How to complete this task — Give the records again exactly. Pictures do not belong in the copy.

Data to use —
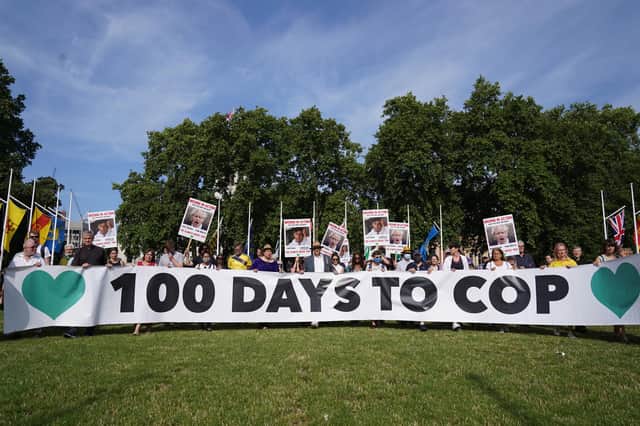 Campaigners hold a banner during a demonstration organised by the Climate Coalition in Parliament Square, London, to mark 100 days to go until the Cop26 climate summit in Glasgow.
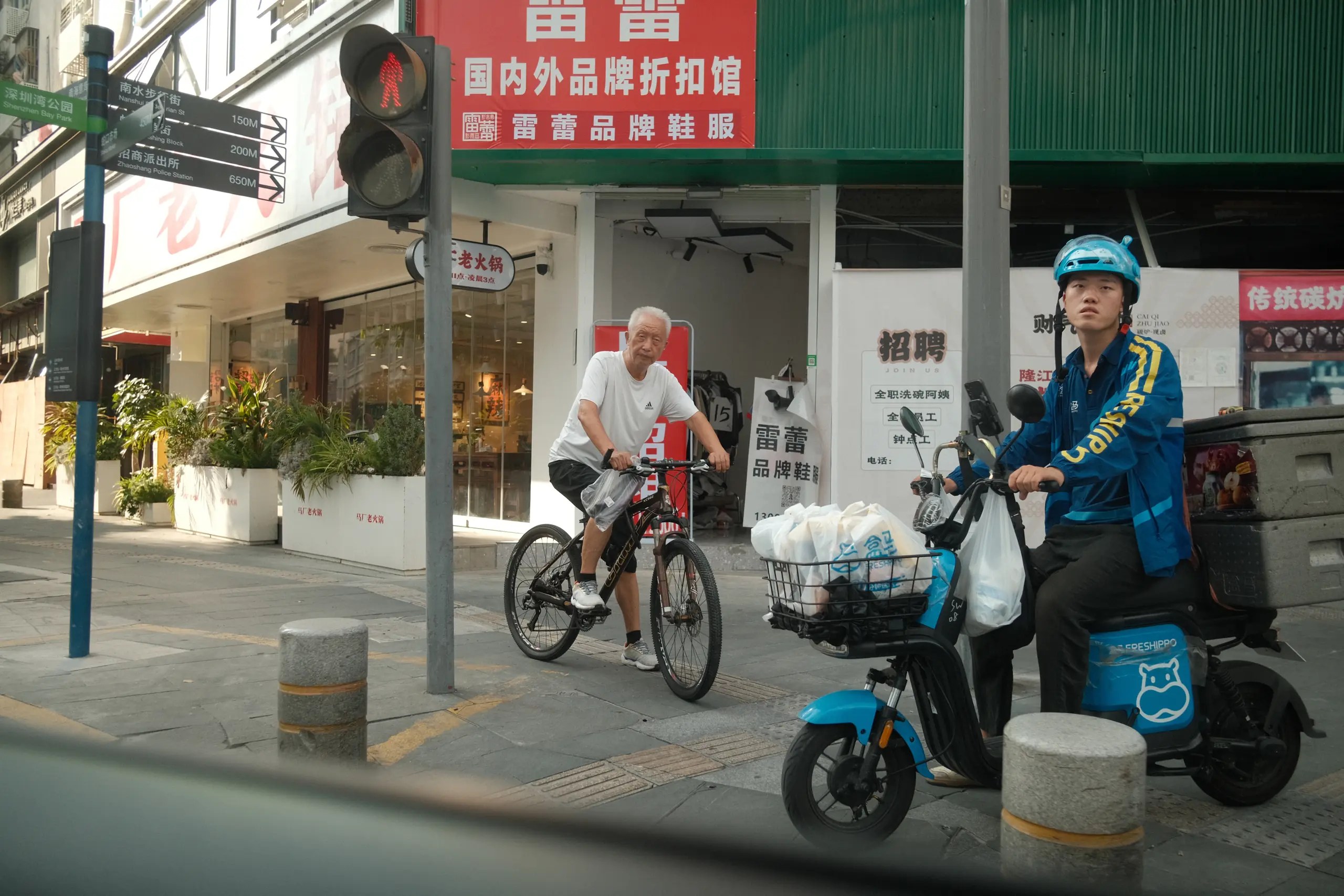 Two people on electric scooters waiting at a crossing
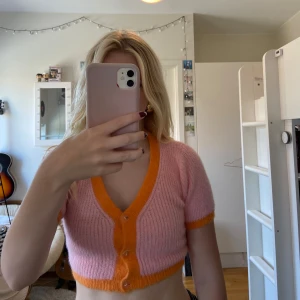 Rosa och orange stickad kofta - Säljer en superfin rosa stickad kofta med orange detaljer. Den är croppad och har korta ärmar, perfekt för vår och sommar. Koftan har knappar framtill och är i ett mjukt och bekvämt material. I nyskick!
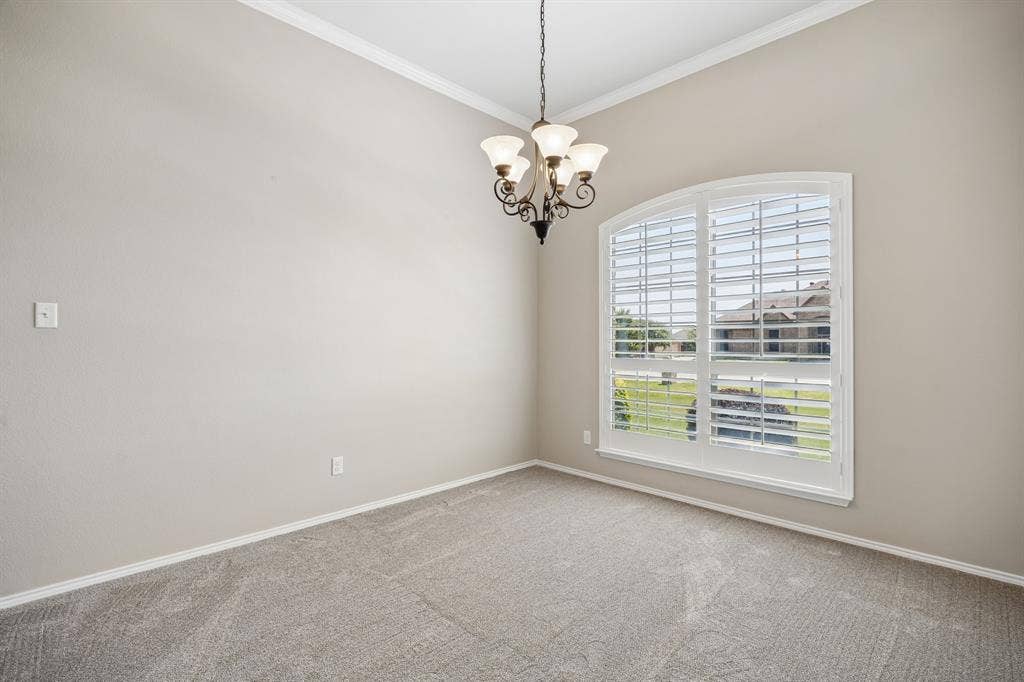 Host memorable dinners in the elegant formal dining room featuring plantation shutters, crown molding, and abundant natural light.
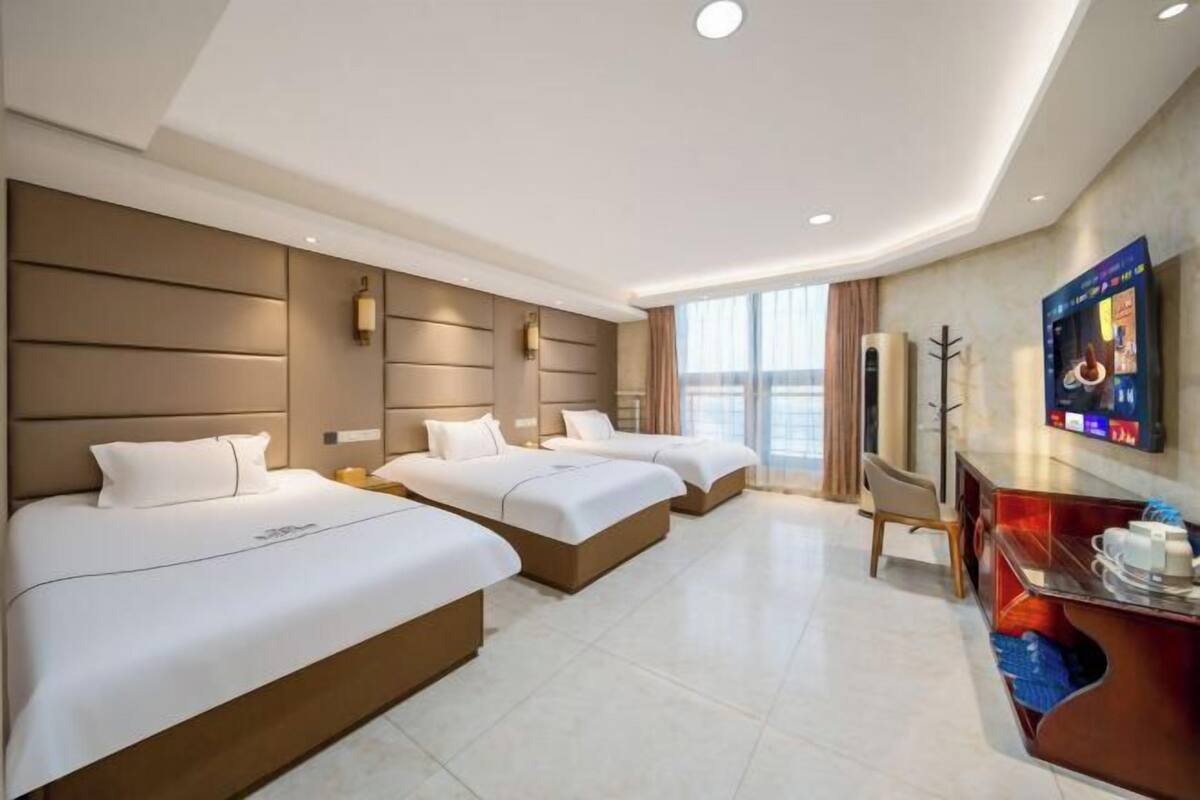 Une chambre d’hôtel avec trois lits, un bureau, une télévision et une grande fenêtre.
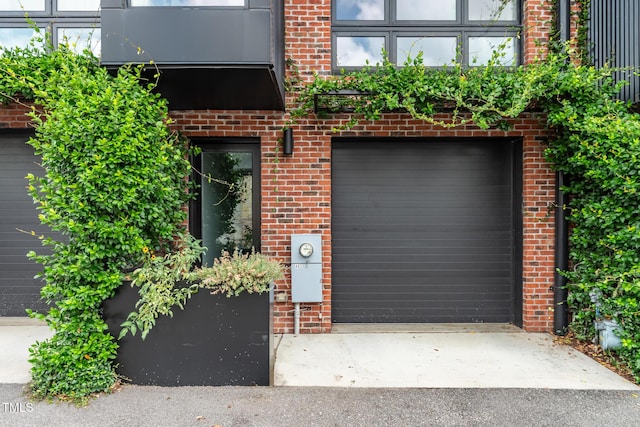 402 Chavis Way, Raleigh, NC 27601 - garage featuring driveway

Answer box —
 Campaigners hold a banner during a demonstration organised by the Climate Coalition in Parliament Square, London, to mark 100 days to go until the Cop26 climate summit in Glasgow.
 Two people on electric scooters waiting at a crossing
 Rosa och orange stickad kofta - Säljer en superfin rosa stickad kofta med orange detaljer. Den är croppad och har korta ärmar, perfekt för vår och sommar. Koftan har knappar framtill och är i ett mjukt och bekvämt material. I nyskick!
 Host memorable dinners in the elegant formal dining room featuring plantation shutters, crown molding, and abundant natural light.
 Une chambre d’hôtel avec trois lits, un bureau, une télévision et une grande fenêtre.
 402 Chavis Way, Raleigh, NC 27601 - garage featuring driveway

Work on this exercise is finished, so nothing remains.